> [Required action] The listing below begins with the first line you should copy; stop after the line containing "10-button Remote Control", and drop every picture.

> [Raw data]
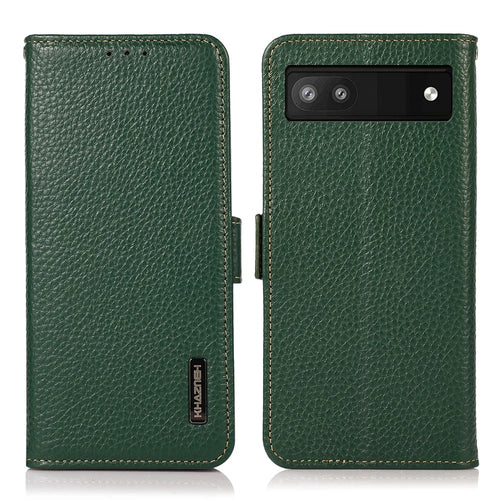 KHAZNEH Genuine Leather Litchi Texture Protective Cover RFID Blocking Phone Case for Google Pixel 6a - Green - 1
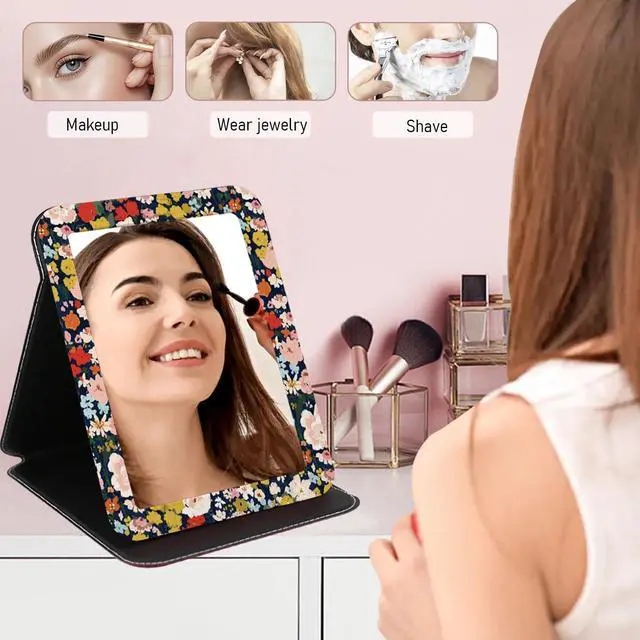 Alt view image 5 of 7 - Portable Travel Mirror PU Portable Foldable Adjustable Rectangular Ultrathin Vanity Mirror with Stand, Makeup Mrror for for Purses Hand, Bag, Travel, Camping, Home, Office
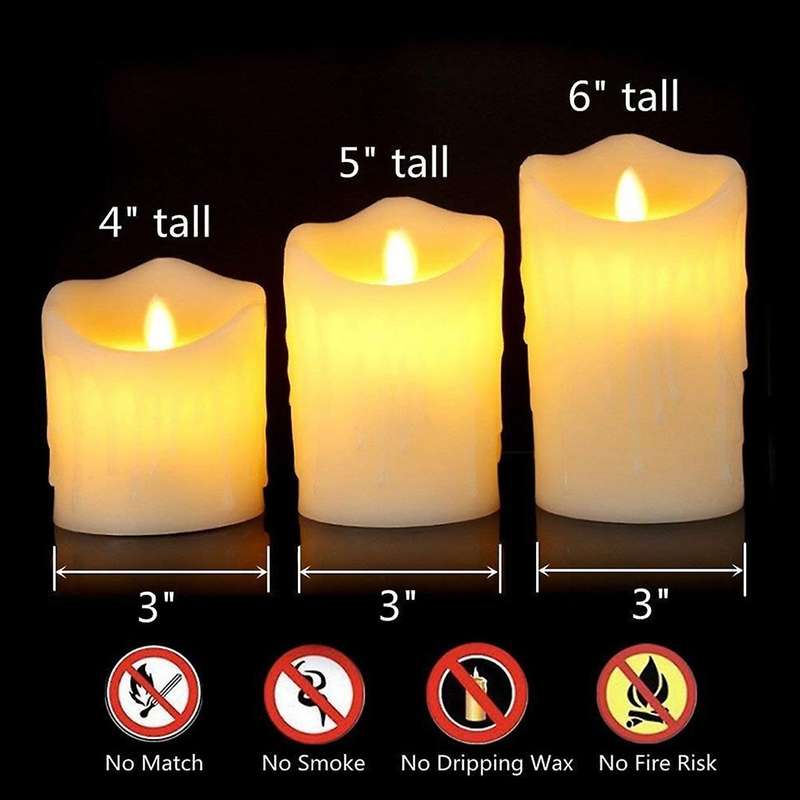 10-button Remote Control Tearing Swinging Led Electronic Candle Light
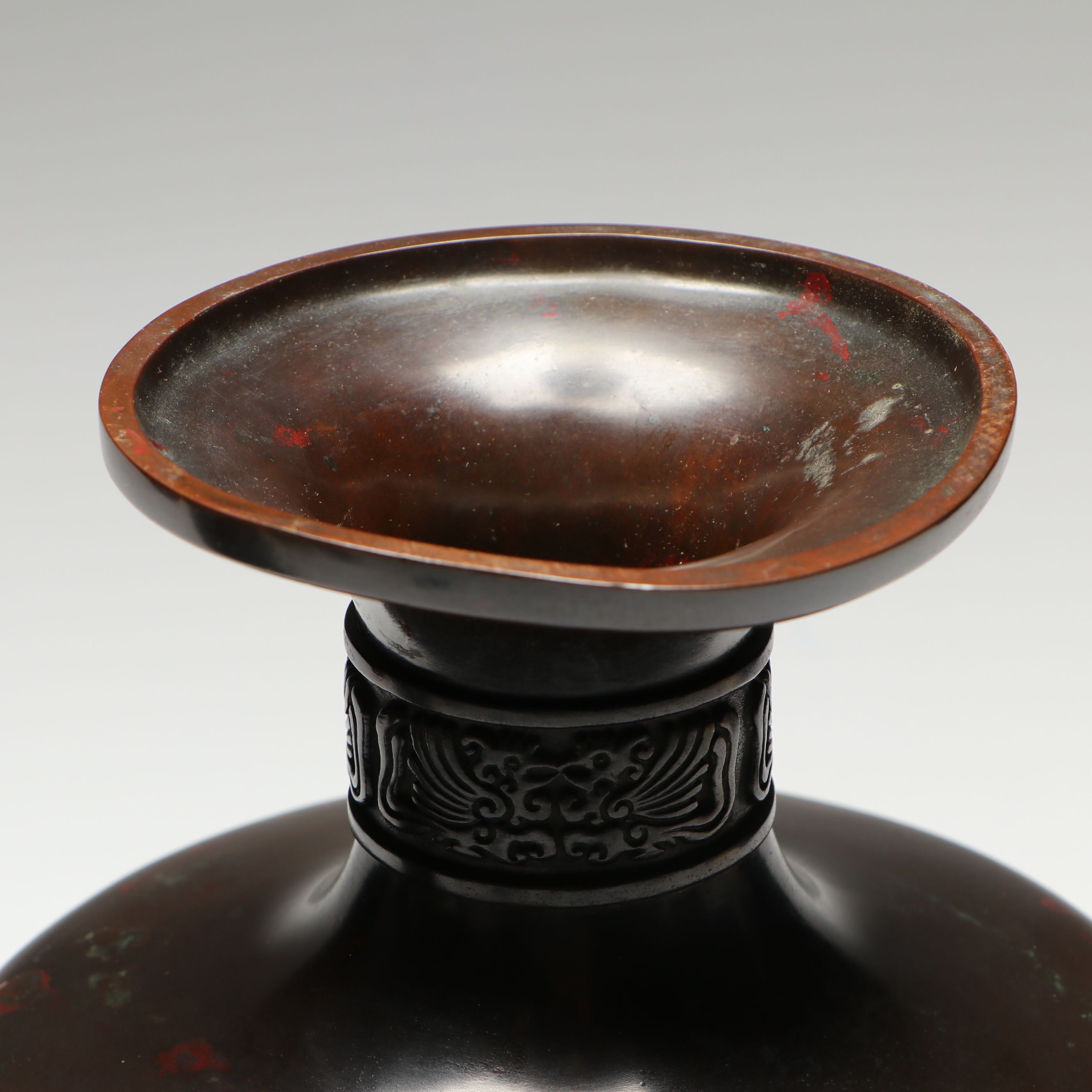 Japanese Meiji Period High-Relief Kirin and Phoenix Bronze Vases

> [Response to this exercise]
 KHAZNEH Genuine Leather Litchi Texture Protective Cover RFID Blocking Phone Case for Google Pixel 6a - Green - 1
 Alt view image 5 of 7 - Portable Travel Mirror PU Portable Foldable Adjustable Rectangular Ultrathin Vanity Mirror with Stand, Makeup Mrror for for Purses Hand, Bag, Travel, Camping, Home, Office
 10-button Remote Control Tearing Swinging Led Electronic Candle Light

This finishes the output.